837.51/1566: Telegram
The Ambassadorial Cuba (Welles) to the Secretary of State
[Received 10:30 p.m.]
54. The Estimated regular budgetary revenues for the fiscal year 1933–34 amount to approximately $42,000,000. I have been advised by both the President and the Secretary of State that appropriations for the same period will be kept within $40,000,000.
A sincere effort to balance the budget has been and is being made by the Cuban Government. A large number of employees have been dismissed and salaries have been materially reduced with resultant hardship to a large number of persons. As a measure to relieve the distress thus occasioned, the Government departments are now working on a half-day basis, the official reason for this measure being that governmental employees may find outside part-time employment and thus increase in some small measure their income.
Total salary arrears to governmental personnel now amounts to $18,961,000. The judiciary has not been paid for 8 months; school teachers have not been paid for a much longer period. Even the highest ranking officials in the executive departments have not been paid for 5 months. No provision in the yearly budget is being made to meet these salary arrears and they are being added to the floating debt with no prospect whatever of adjustment.

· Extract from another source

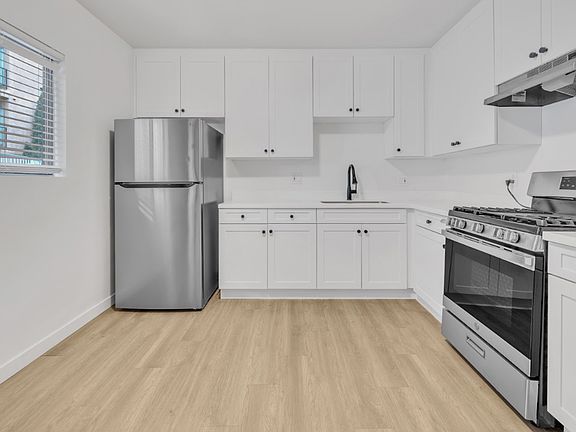 4th image of 3520 Elm Ave APT 10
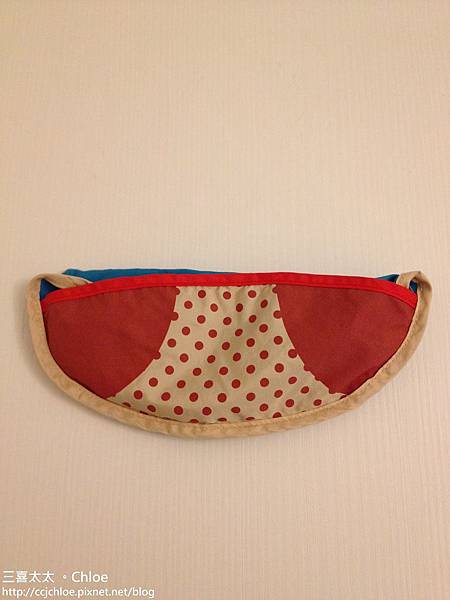 副食品用具 圍兜分享 & 評比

The hardship and the discontent occasioned by this policy have been increased by the fact that the seigniorage profits of $4,000,000 which it is anticipated the Cuban Government will make from the minting of $6,000,000 silver coins contracted for with the Chase National Bank will be used in their entirety to meet the charges due the New York banks next month.
The strict Government censorship of the local press makes it, of course, impossible for the general reaction to be published but the bitterness of feeling engendered should not be underestimated. The general public believes mistakenly, of course, that the American banks are responsible for the maintenance of President Machado in power and now feels that at a time of unparalleled poverty and distress in Cuba all obligations of the Cuban Government to the American banking interests are being met in full while at the same time the Government is taking no steps whatever to alleviate distress here. The amount payable by the Cuban Government during the coming fiscal year to sinking fund charges on its obligations held in the United States, exclusive of the public works debt, amounts to $4,344,000. The postponement of the payment of sinking fund charges during [Page 571] the present crisis and the segregation of the amount involved solely for the purpose of applying such amount to personnel salaries in arrears would be extremely helpful. Any arrangement of this kind should, of course, be predicated solely on the definite commitment by the Cuban Government that such sums would be utilized solely for the purpose of paying off in part salaries in arrears of civilian (not military) personnel.

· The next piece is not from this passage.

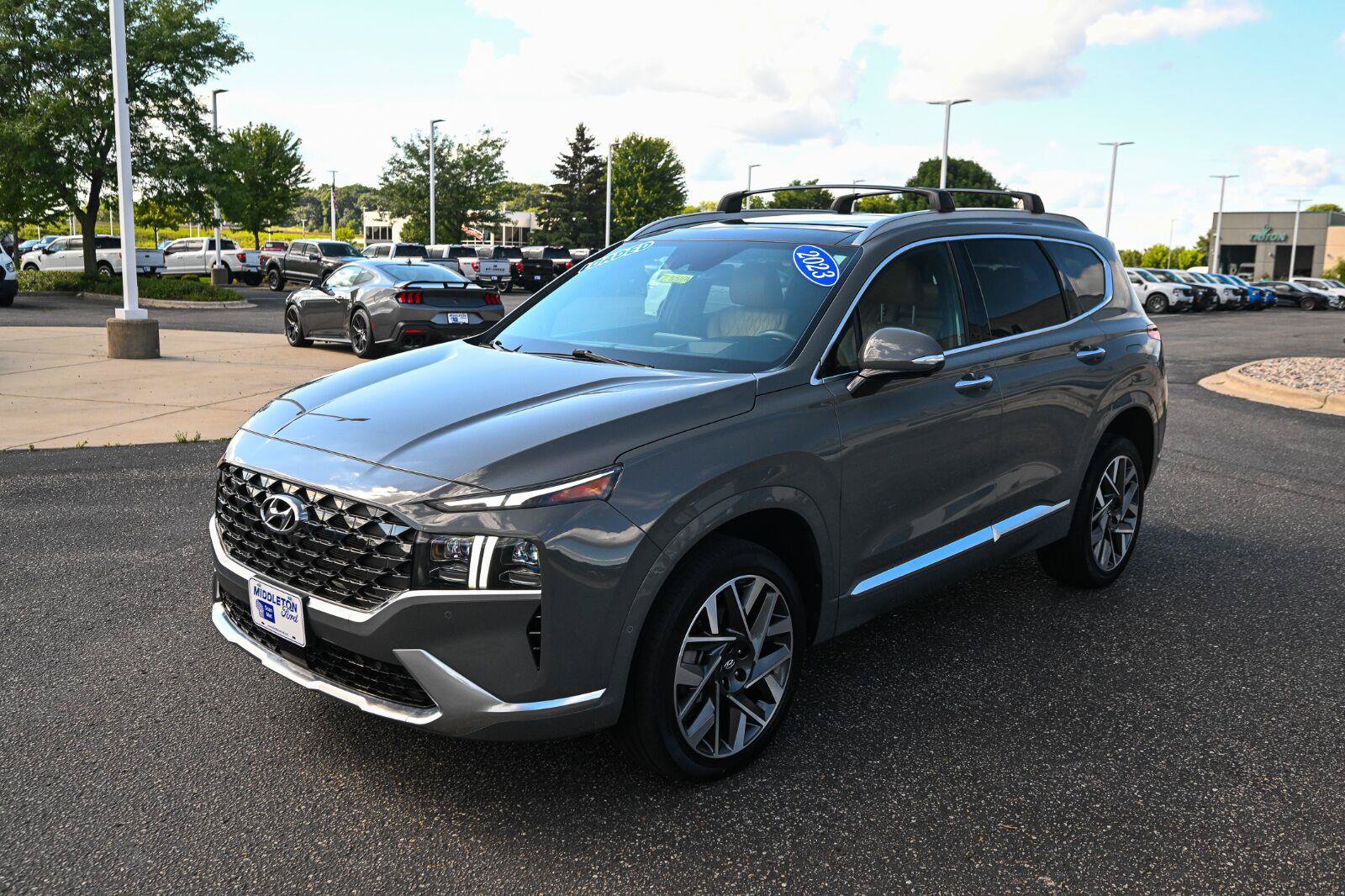 Used 2023 Hyundai Santa Fe Calligraphy AWD/4WD image 9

I beg to urge very strongly that you give this very important question your consideration with the hope that the President and yourself may deem it wise to ascertain whether the New York banking interests, including Messrs. Speyer and Morgan and Company as well as the Chase National and National City Bank groups, would not be willing to enter into a temporary arrangement with the Cuban Government providing for a limited moratorium on the sinking fund charges due during the coming fiscal year and presumably the fiscal year ensuing thereafter. In any discussion with the banking interests regarding this suggestion it will be necessary to bear in mind the fact that President Machado himself will not take the initiative in the matter. He feels that the strongest support which he has in his present position is the support given him by the American banking groups and he has further the conviction, which nothing will shake, that any default of obligations by his administration will make more likely the possibility of American intervention in Cuba. Consequently the proposed arrangement if made would have to come as the result of the determination by the United States Government that the measure is wise and necessary and would have thereafter to be proposed by the American banking groups as a concession due to the economic crisis in Cuba.
I beg to request that a copy of this telegram be sent to the President for his information.